____ Source data
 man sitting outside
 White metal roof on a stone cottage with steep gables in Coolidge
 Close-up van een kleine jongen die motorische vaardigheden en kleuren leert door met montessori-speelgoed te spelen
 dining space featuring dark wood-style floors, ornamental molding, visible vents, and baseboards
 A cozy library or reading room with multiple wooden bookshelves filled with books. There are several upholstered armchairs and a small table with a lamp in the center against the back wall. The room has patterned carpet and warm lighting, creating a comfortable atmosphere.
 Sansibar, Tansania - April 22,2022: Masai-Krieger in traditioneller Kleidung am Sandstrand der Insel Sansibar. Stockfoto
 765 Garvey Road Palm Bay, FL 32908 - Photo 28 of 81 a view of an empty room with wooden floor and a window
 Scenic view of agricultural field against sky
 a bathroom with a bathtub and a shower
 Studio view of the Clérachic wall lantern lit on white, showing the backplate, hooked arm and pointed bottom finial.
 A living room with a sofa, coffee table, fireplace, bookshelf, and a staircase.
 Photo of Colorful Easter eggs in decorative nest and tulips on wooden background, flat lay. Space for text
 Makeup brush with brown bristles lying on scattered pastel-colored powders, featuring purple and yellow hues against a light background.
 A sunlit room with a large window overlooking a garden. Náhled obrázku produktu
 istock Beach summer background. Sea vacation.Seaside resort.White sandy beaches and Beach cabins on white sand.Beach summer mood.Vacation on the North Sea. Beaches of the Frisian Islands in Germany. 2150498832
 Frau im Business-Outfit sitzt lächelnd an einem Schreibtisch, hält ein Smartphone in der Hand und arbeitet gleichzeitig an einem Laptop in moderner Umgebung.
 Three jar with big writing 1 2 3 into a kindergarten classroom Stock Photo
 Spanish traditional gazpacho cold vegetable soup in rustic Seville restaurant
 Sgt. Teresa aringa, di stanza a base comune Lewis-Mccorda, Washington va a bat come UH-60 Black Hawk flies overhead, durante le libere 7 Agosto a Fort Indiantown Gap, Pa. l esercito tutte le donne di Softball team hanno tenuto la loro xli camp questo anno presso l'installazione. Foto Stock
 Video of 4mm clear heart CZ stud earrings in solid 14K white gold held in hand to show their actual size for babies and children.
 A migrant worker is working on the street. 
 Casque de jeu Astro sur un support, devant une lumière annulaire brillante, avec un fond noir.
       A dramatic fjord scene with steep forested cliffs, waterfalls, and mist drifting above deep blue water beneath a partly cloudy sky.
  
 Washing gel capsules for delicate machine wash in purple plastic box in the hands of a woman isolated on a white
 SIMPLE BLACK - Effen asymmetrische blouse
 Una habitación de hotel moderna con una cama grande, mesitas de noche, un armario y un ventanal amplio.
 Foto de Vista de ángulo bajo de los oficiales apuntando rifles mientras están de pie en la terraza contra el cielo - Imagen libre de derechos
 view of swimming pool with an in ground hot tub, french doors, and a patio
________
* Task brief:
Copy exactly the stretch of data above from the line with "a bathroom with a bathtub and a shower" through the line with "Casque de jeu", and omit all other lines.

* Exercise solution:
 a bathroom with a bathtub and a shower
 Studio view of the Clérachic wall lantern lit on white, showing the backplate, hooked arm and pointed bottom finial.
 A living room with a sofa, coffee table, fireplace, bookshelf, and a staircase.
 Photo of Colorful Easter eggs in decorative nest and tulips on wooden background, flat lay. Space for text
 Makeup brush with brown bristles lying on scattered pastel-colored powders, featuring purple and yellow hues against a light background.
 A sunlit room with a large window overlooking a garden. Náhled obrázku produktu
 istock Beach summer background. Sea vacation.Seaside resort.White sandy beaches and Beach cabins on white sand.Beach summer mood.Vacation on the North Sea. Beaches of the Frisian Islands in Germany. 2150498832
 Frau im Business-Outfit sitzt lächelnd an einem Schreibtisch, hält ein Smartphone in der Hand und arbeitet gleichzeitig an einem Laptop in moderner Umgebung.
 Three jar with big writing 1 2 3 into a kindergarten classroom Stock Photo
 Spanish traditional gazpacho cold vegetable soup in rustic Seville restaurant
 Sgt. Teresa aringa, di stanza a base comune Lewis-Mccorda, Washington va a bat come UH-60 Black Hawk flies overhead, durante le libere 7 Agosto a Fort Indiantown Gap, Pa. l esercito tutte le donne di Softball team hanno tenuto la loro xli camp questo anno presso l'installazione. Foto Stock
 Video of 4mm clear heart CZ stud earrings in solid 14K white gold held in hand to show their actual size for babies and children.
 A migrant worker is working on the street. 
 Casque de jeu Astro sur un support, devant une lumière annulaire brillante, avec un fond noir.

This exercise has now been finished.